Protection of sensitive data

Dacki · ‎03-19-2024

Hello everyone !

I have several products on my servicenow platform (ITSM, SPM, etc...).
To secure the company's sensitive data, I would like to know if the different products are compartmentalized and separated. For example, ITSM users with ITSM roles cannot see SPM objects and tables, and vice versa.
How can I technically check this without testing by role and by table?
There's also the question of cross-functional tables such as the users table.

Do you have any idea how I can verify the strict separation between products and the confidentiality and security of sensitive data?
Perhaps "Data privacy", ACL.... are part of the solution?

Thank you in advance for your feedback.

Daniel Borkowi1 · ‎03-20-2024

Hi @Dacki,

as Platform Administrator I'm also interested what other uses for automated regular ACL Assessments, so I will follow this thread.

Two apps can help to verify Access on tables:

First you can use to check users and their access.

The Second App helps to understand changes made for users, groups, roles, and ACLs. But both are not directly what you are looking for.

Greets
Daniel

Please mark reply as Helpful/Correct, if applicable. Thanks!

View solution in original post

Ed Laar · ‎03-20-2024

Hi Dacki,

As far as I know data separation within an instance is realized by ACL's that are related to roles that are related to users or more ideal roles that are related to (role) groups. A user is a member of one or more groups and with that are granted to those roles and with that access rights and more are granted to the user.
OOB separations are done within products especially regarding for example CMDB and AMDB where not everyone can do everything in the related tables.

Foundation data tables like users and locations are commonly used throughout the system. This means that (almost) everyone should be able to select a user or a location but this does/ should not automatically mean that doing this all information about a user or location becomes visible for everyone.

Suggestion here is to consider minimal information that should be visible to do the users job (for example what info is needed to select a user in an Incident what can be very different on the user information that is needed to register an Asset) and tune the applicable ACL's on this.

Hope this helps.

Cheers,

Ed

WayneOdom · ‎03-20-2024

We have explored trying to ensure compartmentalization of access numerous times to tightly restrict certain data. We've worked with ServiceNow multiple times on this, the customer outcomes team(consultants), and other partners. It always comes own to ACL's and analyzing the visibility of the data from a user persona perspective. As Daniel pointed out, there are tools that help this, but they're not exactly what you want and you always have to go back and re-check the roles and groups. For instance, ServiceNow might make changes to roles on the upgrade of a product.(We recently experienced this) Now the way we detected the role change may interest you. Automated Test Framework. We use it to test catalog items on upgrades and it detected that people lost access ot certain data. We've talked about using it to detect access to the data we want to restrict on a persona basis.(basically contractors can't see it in our system)

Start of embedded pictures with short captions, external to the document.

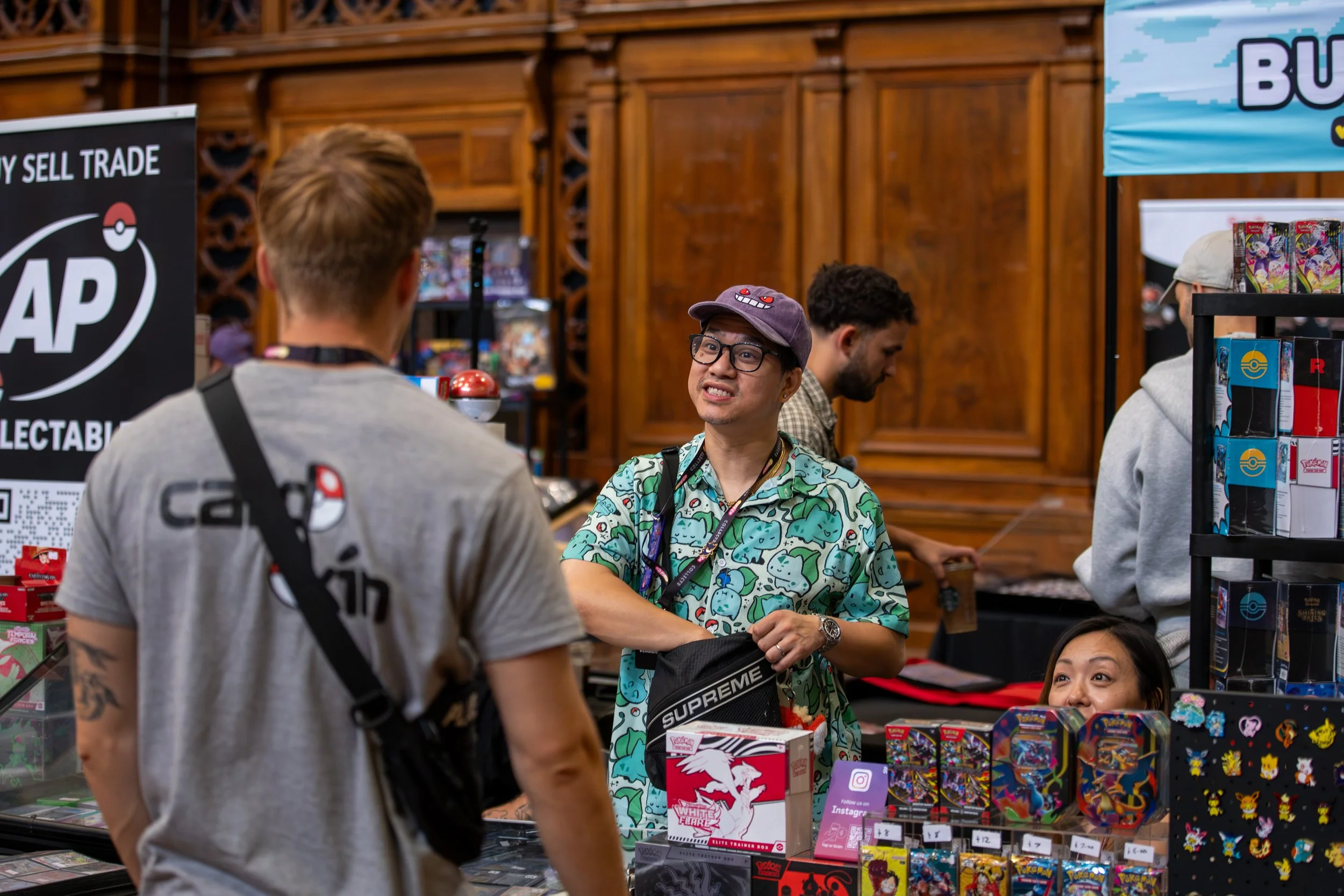 Vendors interact with a customer at the Cardco events Southampton show.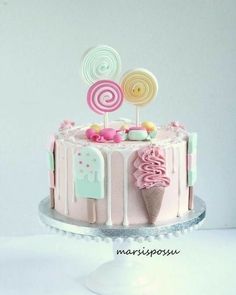 there is a pink cake decorated with candies and lollipops on top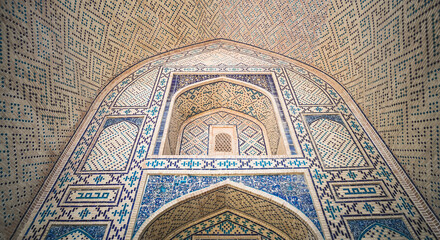 Element of the facade of a madrasah made of brick with mosaic cladding in the ancient city of Bukhara in Uzbekistan, architecture in oriental style, facade of a mosque with patterns and ornaments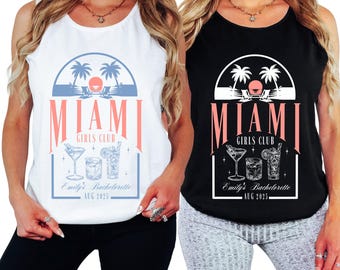 May include: Two sleeveless tank tops, one white and one black, featuring a Miami Girls Club design. The design includes palm trees, cocktails, and the text "Emily's Bachelorette AUG 2025". The tops are ideal for a bachelorette party.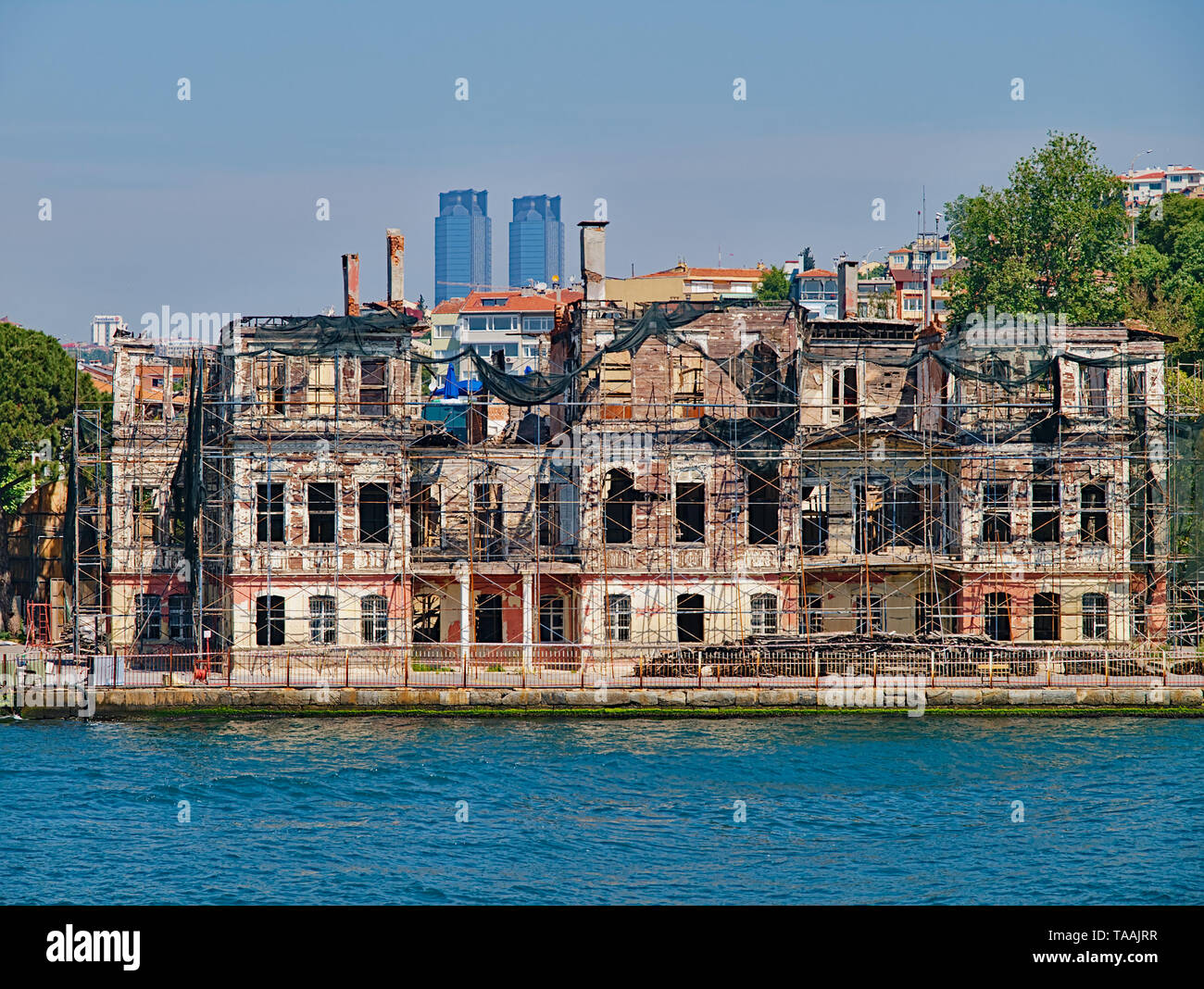 Bosporus strait, view from cruise ship. Old traditional damaged wooden building with structural support and TAT twin towers at the background. Stock Photo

Another option we didn't fully vet out was use of a scope application which would tightly control access to the data. But that doesn't sound relevant to your case as described.

Brenda Williams · ‎03-20-2024

Wayne,

Do you recommend any particular consultant that you have worked with in the past for this? We are looking at doing an assessment as well? Which roles were you impacted on during an upgrade and what version? We struggle with how many roles are actually embedded into other roles especially the itil.

Dacki · ‎03-21-2024

Hi Wayne,

You said that you struggle with how many roles are actually embedded into other roles especially the itil. We have exactly the same type of question.